Singleton was fined $20k – later reduced to $15k – for making unsubstantiated claims on television and engaging in conduct prejudicial to the image of racing. Singleton pled guilty, calling his attack on Gai “inappropriate and regrettable.” Perpetual anti-gambling scold Senator Nick Xenophon called it “extraordinary” that Singleton had been fined, accusing Racing NSW of “shooting the messenger for speaking up.” Xenophon neglected to add that Singleton had spoken up about something that apparently never happened.

Racing NSW intends to continue investigating allegations made by Hayson that someone in Gai’s camp had alerted him as to the horse’s condition and that “everyone knew the horse had problems, except poor Singo.”

Tom, meanwhile, was cleared of any wrongdoing, with the stewards finding no evidence that Tom was (a) aware of More Joyous’ condition or (b) that he passed on such info to anyone. However, Tom was warned by chief steward Ray Murrihy not to “get too close to the bone in the way you name and advertise your mother’s horses.” Murrihy said Racing NSW remained concerned over “the issue of using the family name to promote the business.”

Murrihy then provided a variation of claims made by anti-gambling politicians that Waterhouse had ‘blurred the lines’ between commentator and pitchman in his role as onscreen odds-giver for Channel 9’s rugby broadcasts. “The public perception of people looking at what’s said in those ads or commentary, and disassociating the stable from (the) bookmaking business is difficult, and that’s what we seek to achieve today, to put in place that there must be that disassociation between the two operations.”

Unfortunately, Murrihy declined to offer specifics on precisely how Tom Waterhouse is supposed to purge from Australians’ collective consciousness the fact that he’s a third-generation bookmaker whose mother is among the country’s best-known horse trainers. Parliamentarians investigating the intersection of gambling and sport will be next to grill Waterhouse on his alleged line-blurring. At this rate, Tom will likely be slapped with a trademark infringement suit by PriceWaterhousecoopers.

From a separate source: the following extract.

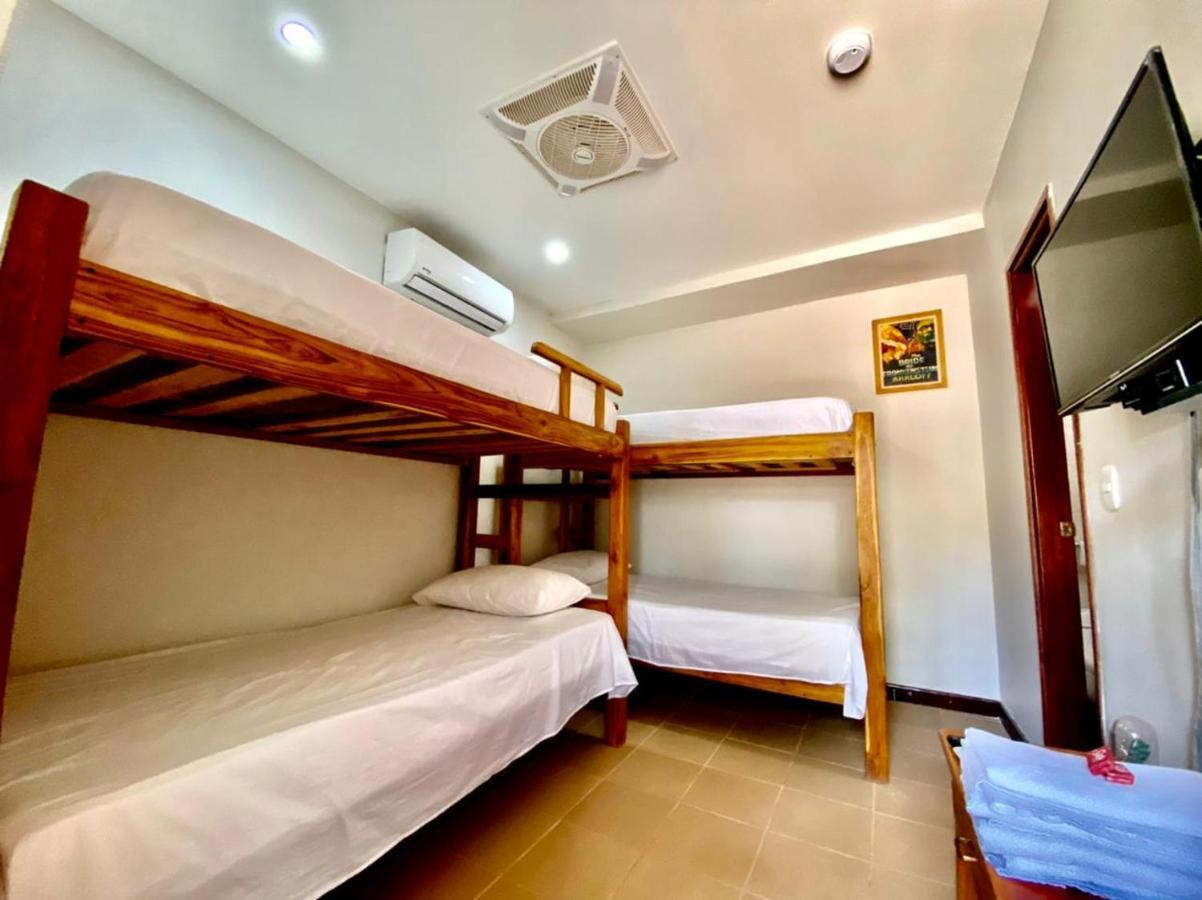 Hostal Aurora, Smith Lodging Таганга Экстерьер фото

It’s increasingly evident that Tom’s high-profile marketing strategy – with himself as bright-eyed company spokesman – has led to an epidemic of ‘tall poppy’ envy. His cheeky performance at the inquiry and his subsequent exoneration will only likely accelerate this trend. But to date, his critics have likely done little but boost his public visibility without damaging his brand. Bad bet, boys.